Using NLTK Regexparser

In [5]:
pattern = 'NP: {<DT>?<JJ>*<NN>}'
cp = nltk.RegexpParser(pattern)
cs = cp.parse(sent)
print(cs)

(S
  Bachelor/NNP
  's/POS
  Degree/NNP
  from/IN
  (NP an/DT accredited/JJ college/NN)
  or/CC
  (NP university/NN)
  in/IN
  Engineering/NNP
  ,/,
  Computer/NNP
  Science/NNP
  ,/,
  Information/NNP
  Systems/NNP
  ,/,
  Business/NNP
  ,/,
  or/CC
  other/JJ
  related/JJ
  Discipline/NNP
  ./.
  Master/NNP
  's/POS
  (NP degree/NN)
  preferred/VBD
  ./.)


Using NLTK ne.Chunk

In [7]:
ne_tree = nltk.ne_chunk(pos_tag(word_tokenize(ex)))
print(ne_tree)

(S
  (GPE Bachelor/NNP)
  's/POS
  Degree/NNP
  from/IN
  an/DT
  accredited/JJ
  college/NN
  or/CC
  university/NN
  in/IN
  (GPE Engineering/NNP)
  ,/,
  (ORGANIZATION Computer/NNP Science/NNP)
  ,/,
  (ORGANIZATION Information/NNP Systems/NNP)
  ,/,
  (GPE Business/NNP)
  ,/,
  or/CC
  other/JJ
  related/JJ
  Discipline/NNP
  ./.
  (PERSON Master/NNP)
  's/POS
  degree/NN
  preferred/VBD
  ./.)


Using Spacy

In [11]:
import spacy
from spacy import displacy
from collections import Counter
nlp = spacy.load("en_core_sci_lg")

In [12]:
doc = nlp(ex)
print([(X.text, X.label_) for X in doc.ents])
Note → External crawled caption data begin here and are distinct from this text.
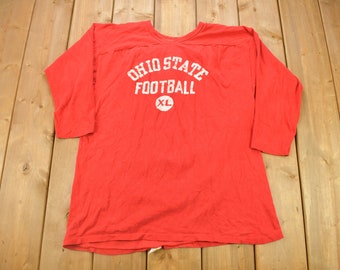 Vintage 1980s Russell Athletic Princeton University Phys Ed T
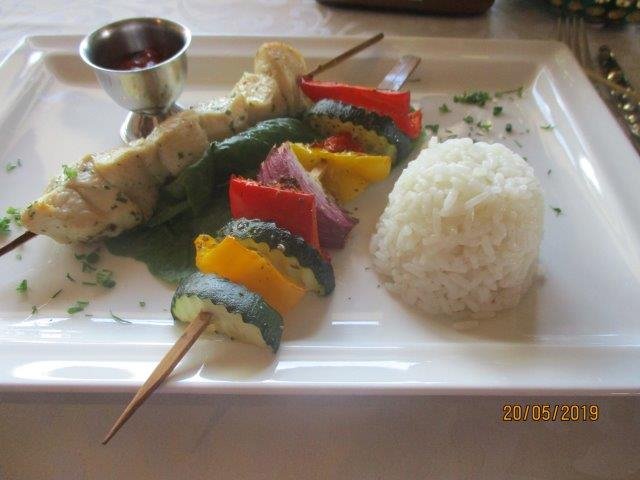 Hotel Audruvis-餐饮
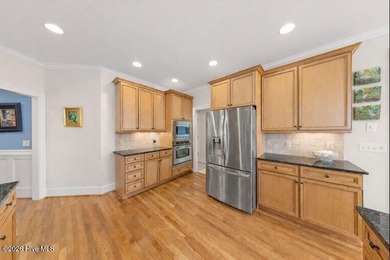 Imagine ending each day w/ golden sunsets spilling across the on Magnolia Greens Golf Plantation in North Carolina - for sale on GolfHomes.com, golf home, golf lot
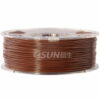ABS+ 1kg Brown - ESUN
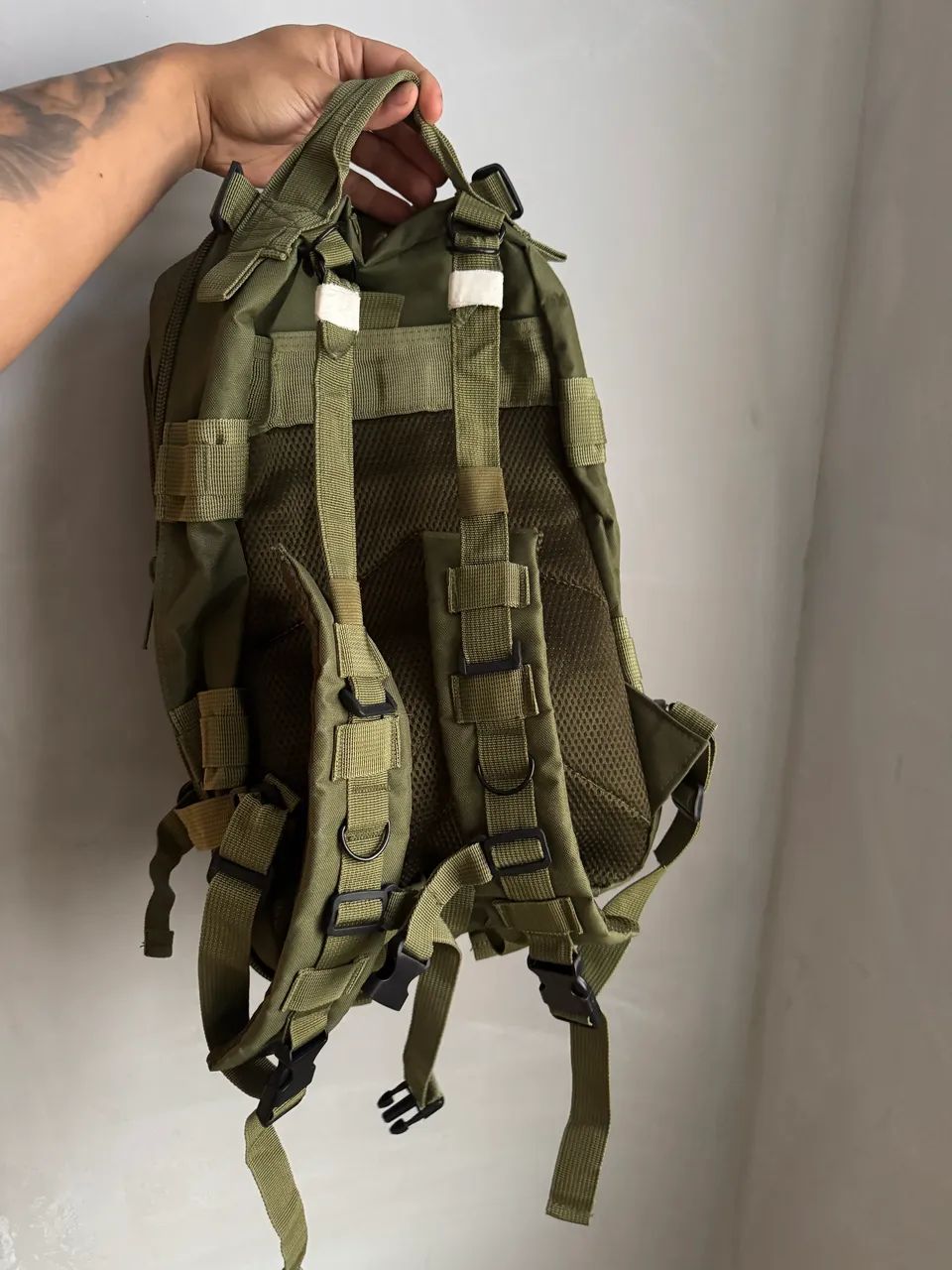 Mochila tática militar 40 L  - Foto 4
[("Bachelor's", 'ENTITY'), ('Degree', 'ENTITY'), ('accredited', 'ENTITY'), ('college', 'ENTITY'), ('university', 'ENTITY'), ('Engineering', 'ENTITY'), ('Computer Science', 'ENTITY'), ('Information Systems', 'ENTITY'), ('Business', 'ENTITY'), ('Discipline', 'ENTITY'), ("Master's", 'ENTITY'), ('degree', 'ENTITY')]


In [13]:
print([(X, X.ent_iob_, X.ent_type_) for X in doc])

[(Bachelor, 'B', 'ENTITY'), ('s, 'I', 'ENTITY'), (Degree, 'B', 'ENTITY'), (from, 'O', ''), (an, 'O', ''), (accredited, 'B', 'ENTITY'), (college, 'B', 'ENTITY'), (or, 'O', ''), (university, 'B', 'ENTITY'), (in, 'O', ''), (Engineering, 'B', 'ENTITY'), (,, 'O', ''), (Computer, 'B', 'ENTITY'), (Science, 'I', 'ENTITY'), (,, 'O', ''), (Information, 'B', 'ENTITY'), (Systems, 'I', 'ENTITY'), (,, 'O', ''), (Business, 'B', 'ENTITY'), (,, 'O', ''), (or, 'O', ''), (other, 'O', ''), (related, 'O', ''), (Discipline, 'B', 'ENTITY'), (., 'O', ''), ( , 'O', ''), (Master, 'B', 'ENTITY'), ('s, 'I', 'ENTITY'), (degree, 'B', 'ENTITY'), (preferred, 'O', ''), (., 'O', '')]